Visit our temporary exhibition, "A Bird Sings in the Bush of Your Bones: Martine Myrup x Øregaard Museum," and see how the sculptor Martine Myrup challenges the human narratives on animals and engages her works, made of used textile, in a dialogue with the museum’s permanent collection.
Martine Myrup (b. 1977) was educated at the Glasgow School of Art and uses recycled textiles in her sculptures. In recent years, she has become fascinated with animal motifs in figurative language. The used textiles, hand-sewn onto the surface of the sculptures, possess their own sensory expressiveness and historical references as ready-made materials. Her works incorporate used textiles from the 18th to the 20th century, therein reflecting the historical range of the museum's collection through the material.
Myrup is particularly interested in deer, a species that features prominently in the grand narratives of Western culture: we encounter them in classical mythology, in the Old and New Testaments, in Grimm's fairy tales, and in 19th-century landscape painting.
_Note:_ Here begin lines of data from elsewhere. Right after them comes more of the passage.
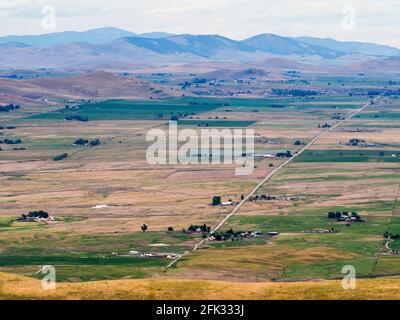 Farmland in Montana, Blick von der Spitze der National Bison Range Stockfoto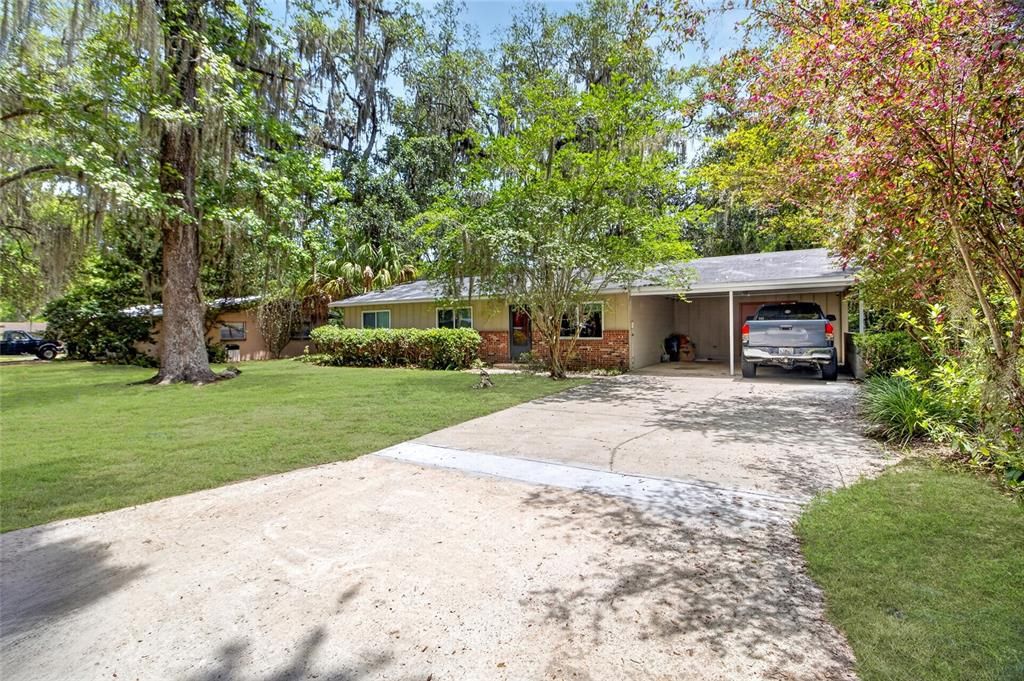 For Sale: $299,900 (3 beds, 2 baths, 1215 Square Feet)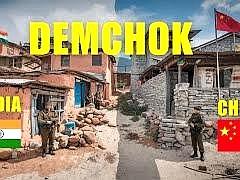 这是一个横跨实控线的独特村庄，一半在印度，另一半在中国！同一条街，中国这边的房屋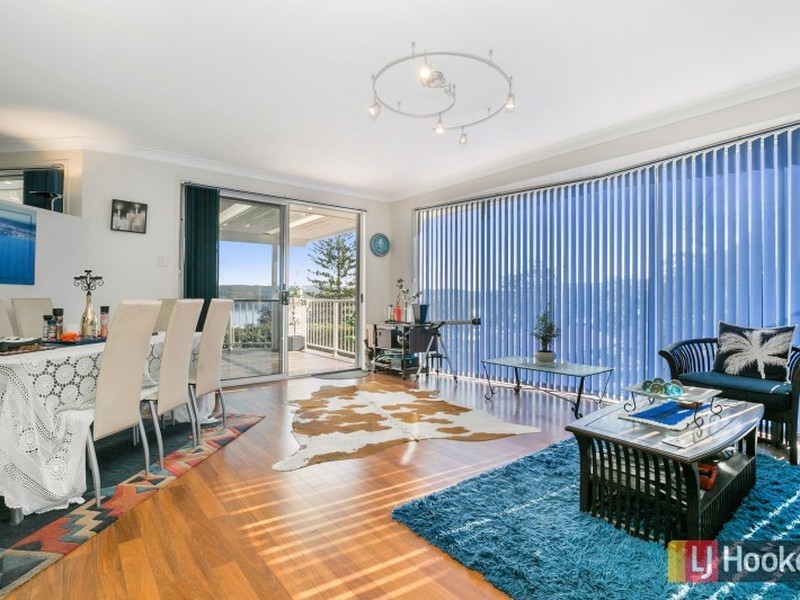 295a Avoca Drive, Green Point NSW 2251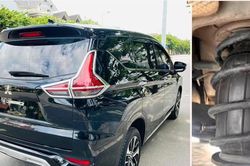 Bỏ vài triệu lắp bóng hơi giảm xóc cho xe: Êm ái thật hay 'tiền mất tật mang'?
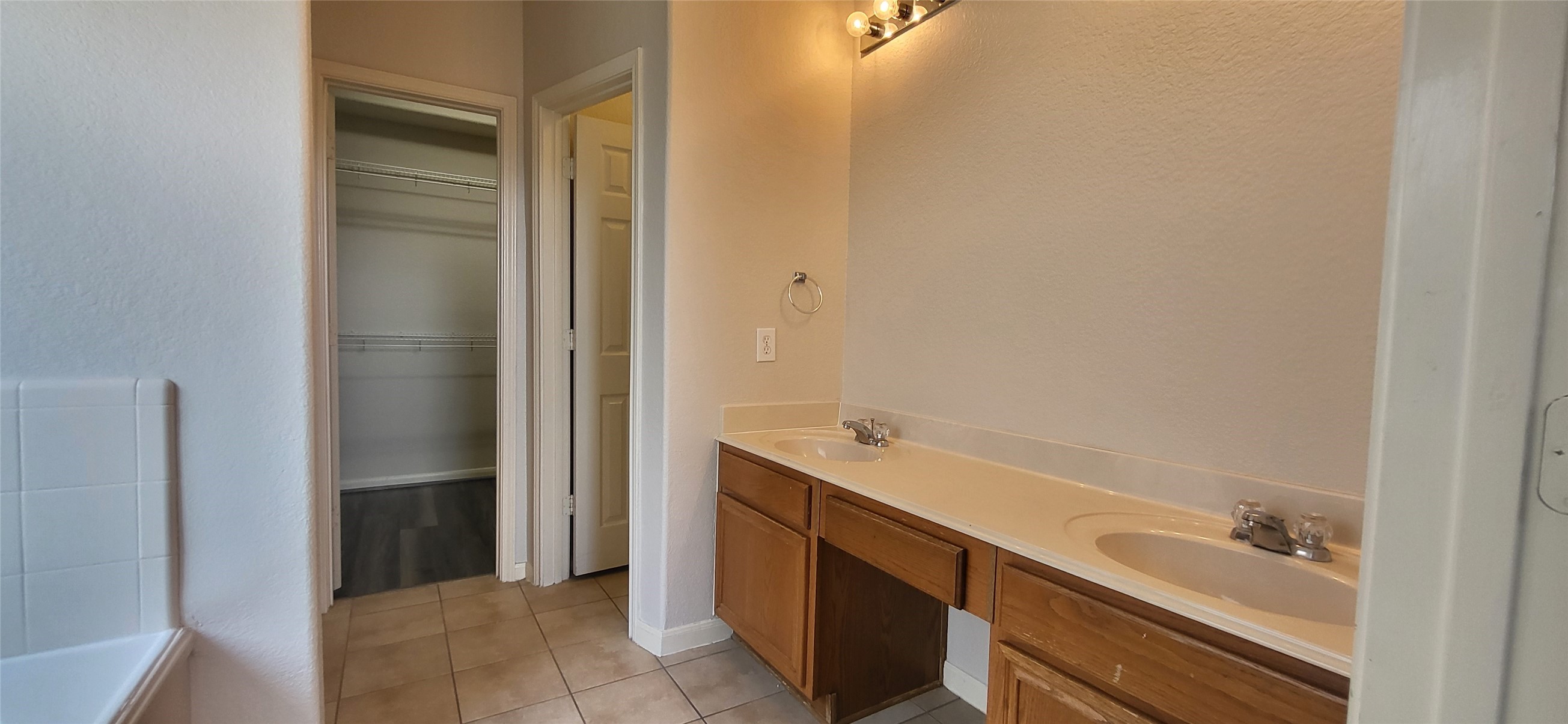 24818 Mason Trail Property Photo 13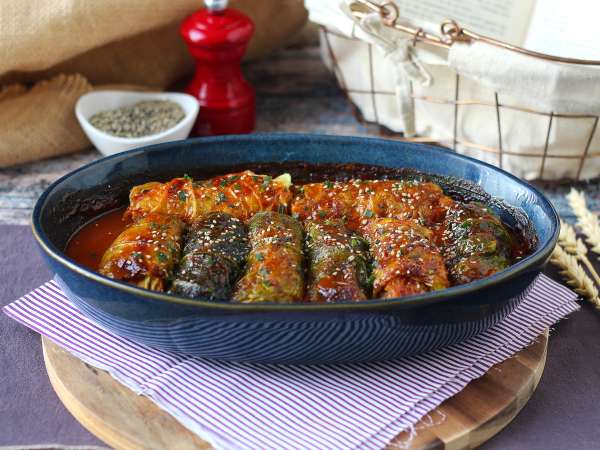 Rulouri de varză cu carne de porc și gochujang, în sos de miere și susan - Preparare etapa 10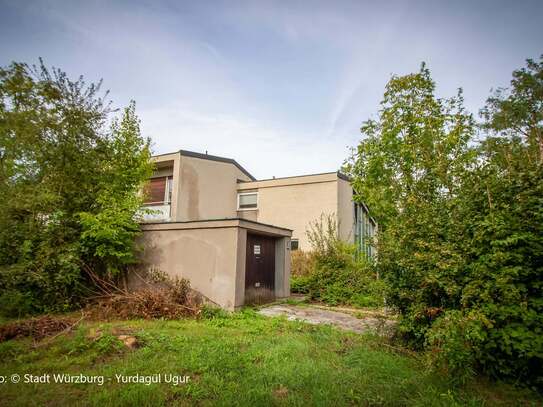 Wohnhaus mit Gartengrundstück in exklusiver Lage von Würzburg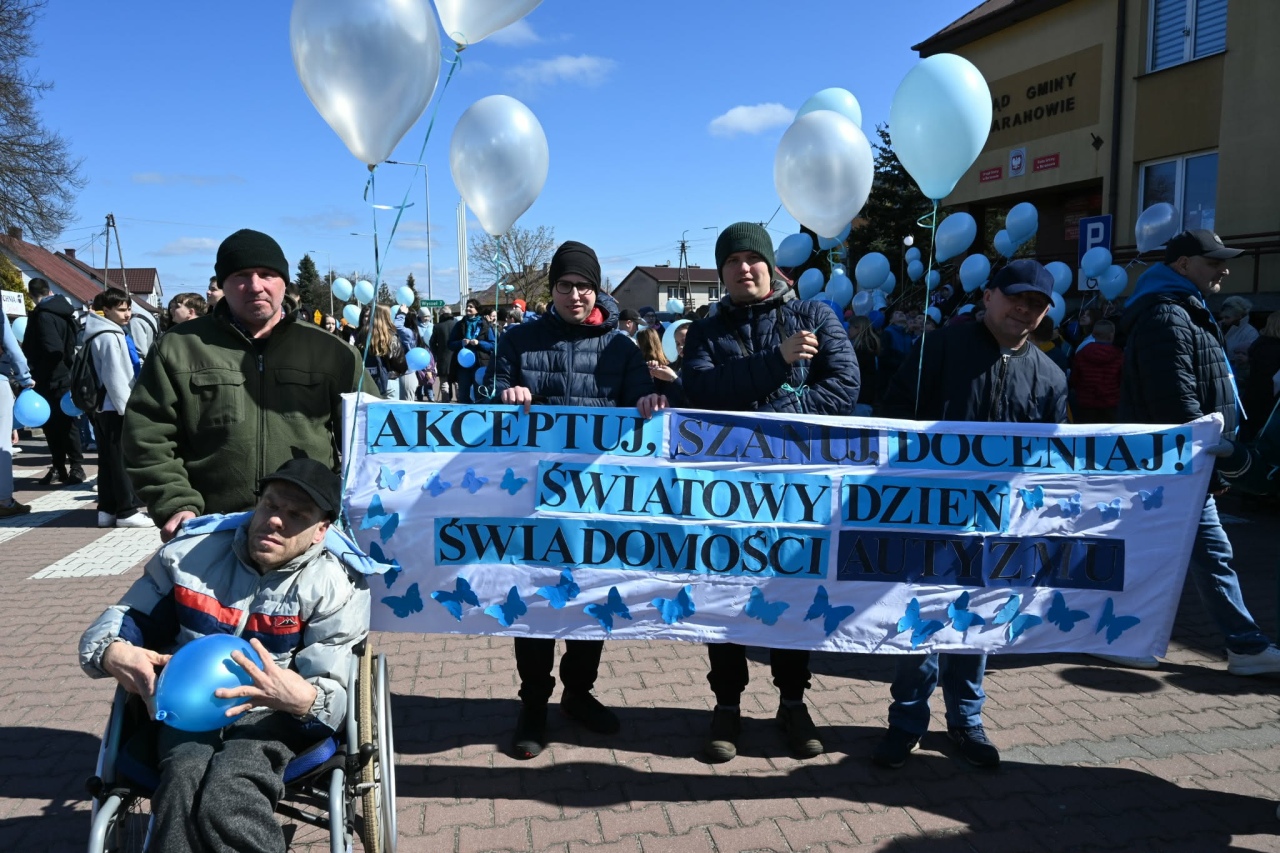 Niebieski Marsz w Baranowie w ramach Światowego Dnia Świadomości Autyzmu [10.04.2026] - zdjęcie #15 - eOstroleka.pl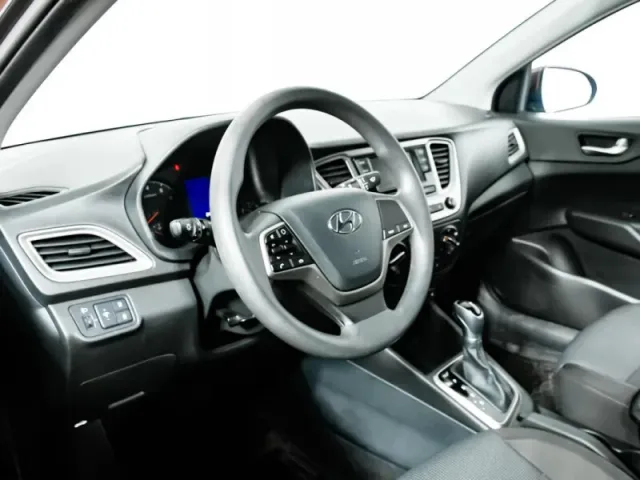Hyundai Solaris, II Рестайлинг — фото 12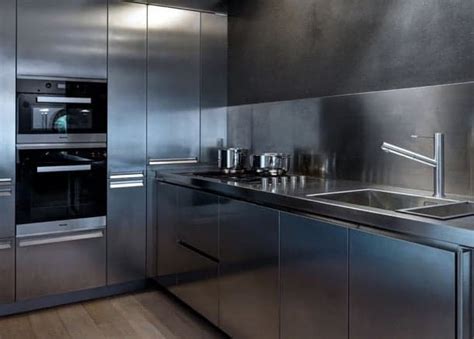 Muebles de acero inoxidable y accesorios para cocina. Cocina en acero inoxidable diseñada por Buratti Architects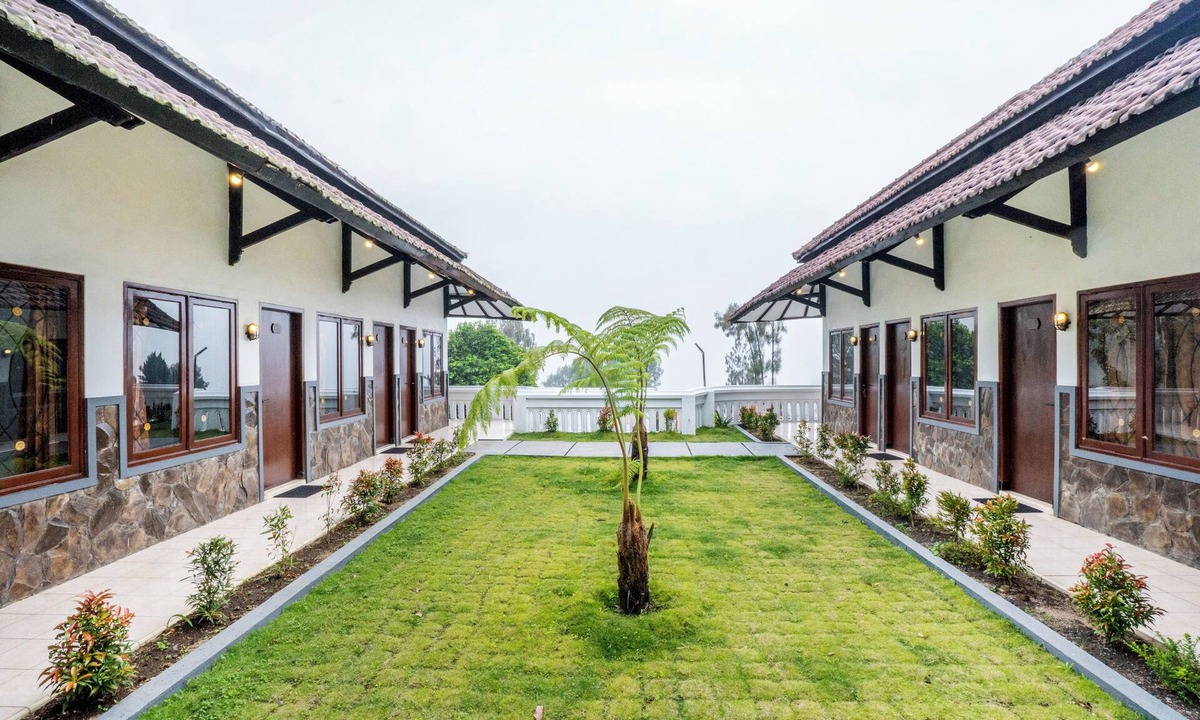 Ngadisari Hotel | Bawangan Express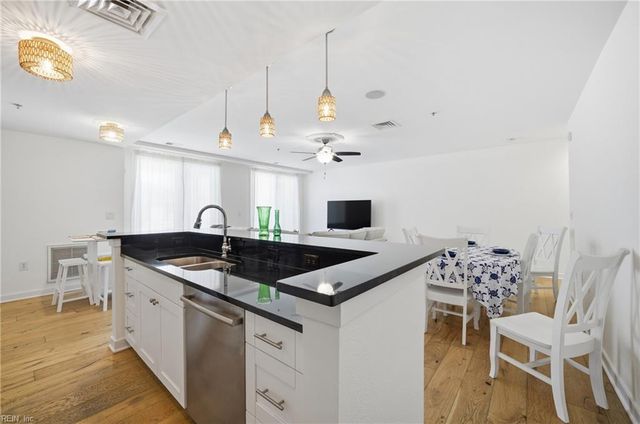 3738 Sandpiper Rd Apt 437B, Virginia Beach, VA 23456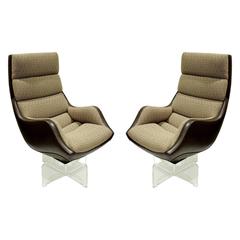 Vladimir Kagan Pair of "High Back Contour Swivel Chairs", 1970s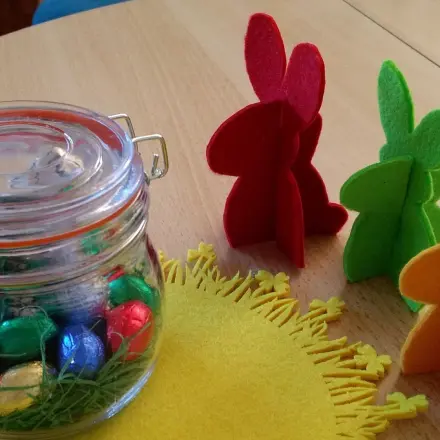 Ein kleiner Ostergruß ... der Osterhase wartet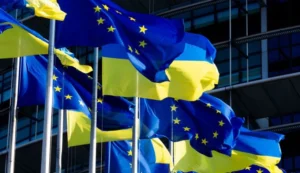 Прапори України та ЄС перед будівлею як символ шляху до членства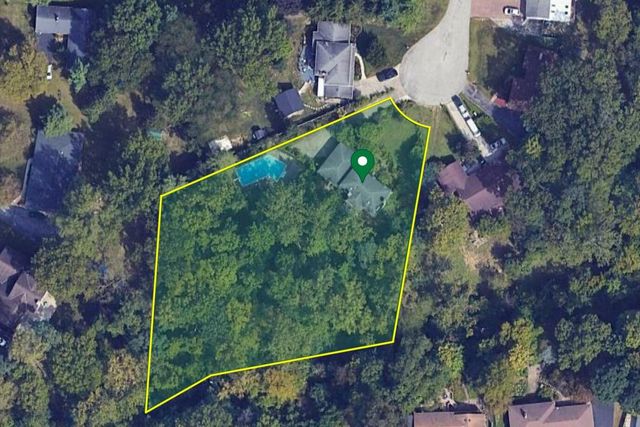 831 Persimmon Place, Columbus, OH 43213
In more recent history, deer appear as portrayals of good and evil in popular culture, especially in Disney-movies, and in postmodern kitsch that plays on the nostalgia associated with deer since the 19th century.
The exhibition is supported by the National Bank of Denmark's Anniversary Foundation, the New Carlsberg Foundation, and the Danish Arts Foundation. It inaugurates a new exhibition series where the collection is curated in collaboration with a contemporary artist who contributes with new works and perspectives.